ACTIVITY — Please return the listing exactly as written, but without its pictures.

DATA EXTRACT —

■ ■ ■ ■ ■ ■ ■

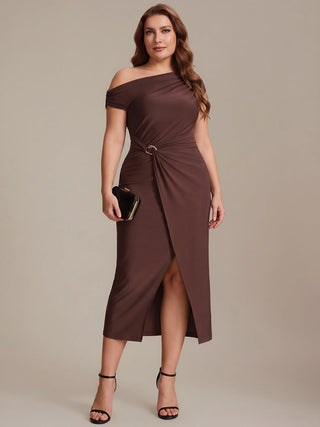 Short Sleeves Off Shoulder Bodycon High Stretch Midi Wedding Guest Dresses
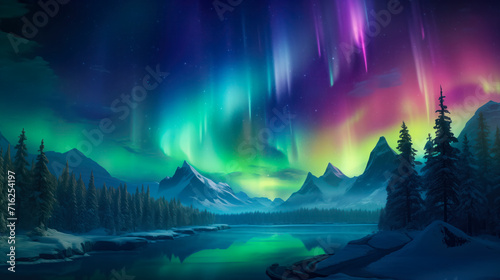 Colorful Northern Lights Landscape © LadyAI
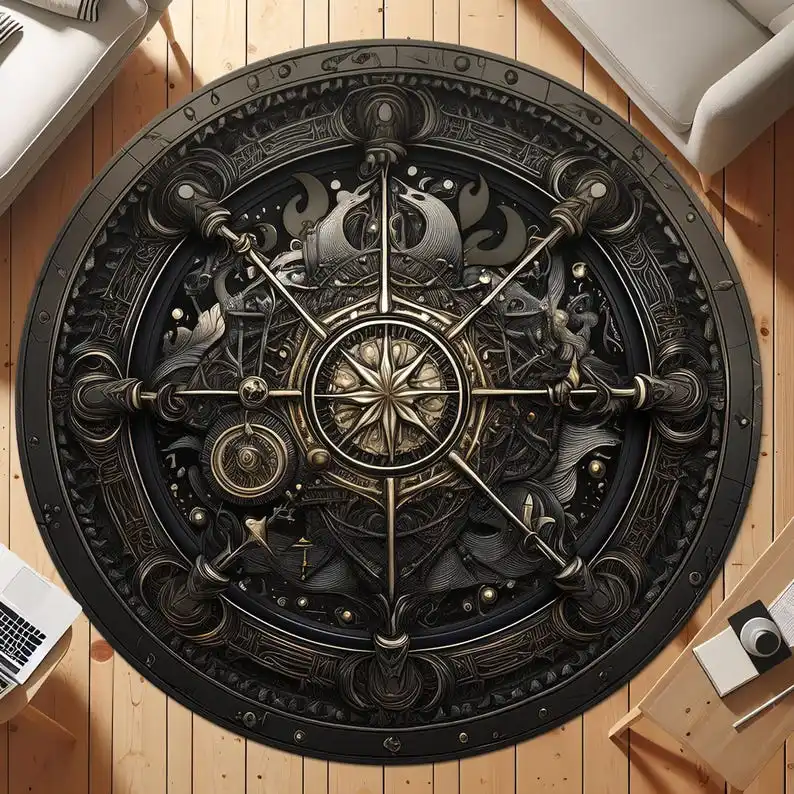 Round Rug with Norse Compass Design – Mystical Home Decor for Bedroom and Living Room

■ ■ ■ ■ ■ ■ ■

TASK RESPONSE —
 Short Sleeves Off Shoulder Bodycon High Stretch Midi Wedding Guest Dresses
 Colorful Northern Lights Landscape © LadyAI
 Round Rug with Norse Compass Design – Mystical Home Decor for Bedroom and Living Room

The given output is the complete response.